# Cedar Slab Table



## ChiknNutz (Apr 22, 2011)

The top is a solid slab of Western Red Cedar with double live edges, measuring over 2-1/4" thick. The base is constructed of 2x6 Mahogany. The cracks and knots were filled with clear epoxy. The larger cracks also employ "Dutchmen" or butterflies. No stains were applied. The whole table was finished with a water-borne satin finish acrylic. Overall size is 85" long x 29.5" tall. The width varies from 38" to 43".






















Sent from my iPhone using Wood Forum


----------



## davidbard (Dec 30, 2012)

beautiful table


----------



## was2ndlast (Apr 11, 2014)

That is great. Gorgeous.

What kind of joinery did you use on those trapezoidal legs?


----------



## ChiknNutz (Apr 22, 2011)

I originally wanted to do something kinda cool with a mortised wedge or splines, but took the easy way out and screwed them together and plugged the holes. The center stretcher is a simple lap joint, screwed from the bottom and glued.

Can't really tell from the pix, but the ends are a gentle radius with about a 10 degree taper. Did this to liven it up a little from a simple straight cut.

As you can appreciate, pix don't tell the whole story like being in person does.


----------



## Chamfer (Sep 6, 2014)

That's a beautiful slab/top.


----------



## bob sacamano (Jan 24, 2012)

*bow ties*

first of all the table is beautiful. 


how do you make the bow-ties ? how do you determine how long or wide they should be ?? 

thanks !


----------



## ChiknNutz (Apr 22, 2011)

The bowties were done using the Milescraft router template kit, there are certainly others. You can also do these by hand, starting with a bowtie, tracing that shape onto the workpart, then chiseling or routering a matching pocket. The Milescraft has three different sizes available. Admission...I messed up on one of them and used the wrong router bit bushing which ended up making one of the pockets too large (the one closest to you in the photo). I then had to create a custom bowtie to fit the cutout...which is totally backwards and time consuming.

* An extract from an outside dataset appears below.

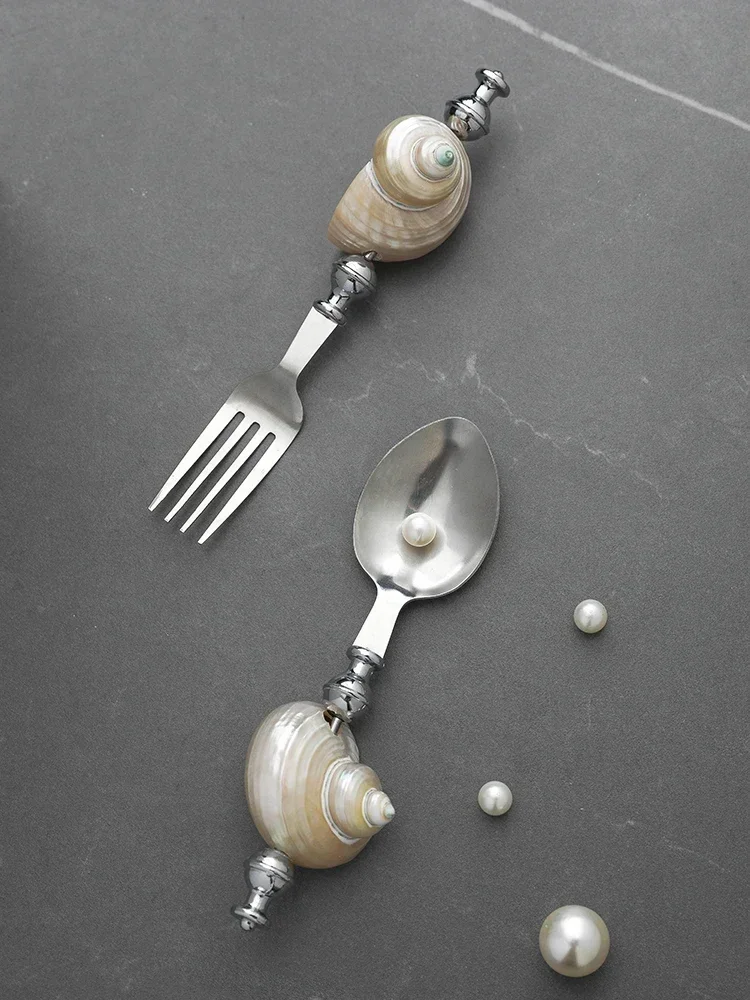 Light Luxury Natural Conch Shell Dessert Fork Stainless Steel Flatware Spoon Kitchen Utensils Set Home Tableware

The size of each is merely a judgement call based on the overall look you are going for, balanced by the size of the crack or blemish you are trying to take care of. Also note that for large cracks that are thru the workpiece, you should place the bowties on both sides to ensure the crack really is held together. You cannot of course see them in these pix, but there are more bowties on the underside.


----------



## merkaba (Jul 13, 2015)

Awesome table...what did you finish it with?


----------



## ChiknNutz (Apr 22, 2011)

PPG Breakthrough (water borne acrylic in a satin sheen), then hand-rubbed with steel wool and wax.


----------



## MidGAOutdoor (Apr 7, 2011)

looks nice. love the cedar


----------



## ChiknNutz (Apr 22, 2011)

I fully get that prices vary by locale, but curious to see what this would fetch $$$ in your neck of the woods.


----------



## Travico (Dec 25, 2012)

Super Nice Table!!!


----------



## johnmark (Jul 21, 2012)

you may want to put in a brace of sorts to prevent racking. the size of the top and the size of the legs make me think the screws might not be sufficient for the long run, though the angles help a little.


----------



## voodoosand (Feb 22, 2017)

@ChiknNutz beautiful! I'm thinking of an identical design, but worried about racking. How's the sturdiness of those legs? 
Is there any racking in the "long" direction?


----------